WHAT YOU ARE ASKED TO DO> Give back exactly the lines of the data below, starting with the line that has "Nana Mother Statue" and going on through the line that has "Johnny Cash - Playlist: The".

THE DATA>
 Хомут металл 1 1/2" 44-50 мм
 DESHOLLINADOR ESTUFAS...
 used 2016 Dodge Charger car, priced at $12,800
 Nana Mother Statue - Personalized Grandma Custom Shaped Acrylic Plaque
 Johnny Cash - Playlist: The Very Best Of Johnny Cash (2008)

--

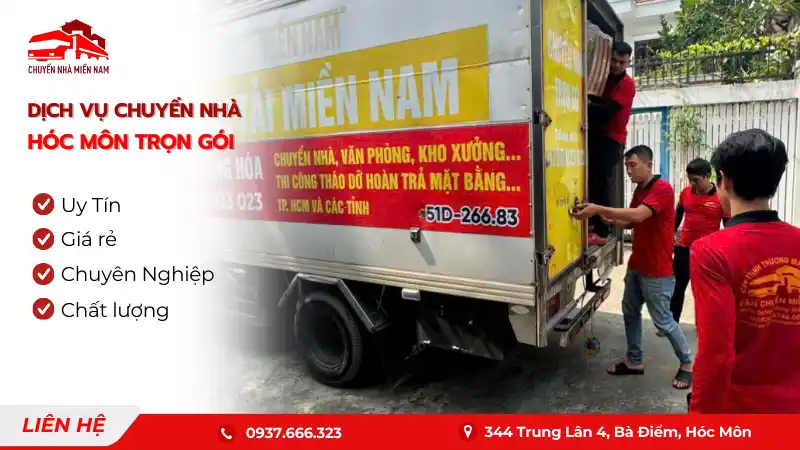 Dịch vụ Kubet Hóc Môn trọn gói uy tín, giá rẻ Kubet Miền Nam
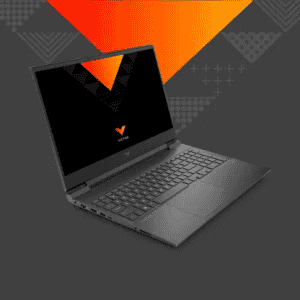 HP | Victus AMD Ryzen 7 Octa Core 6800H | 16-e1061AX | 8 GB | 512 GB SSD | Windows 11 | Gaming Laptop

WRITTEN ANSWER>
 Nana Mother Statue - Personalized Grandma Custom Shaped Acrylic Plaque
 Johnny Cash - Playlist: The Very Best Of Johnny Cash (2008)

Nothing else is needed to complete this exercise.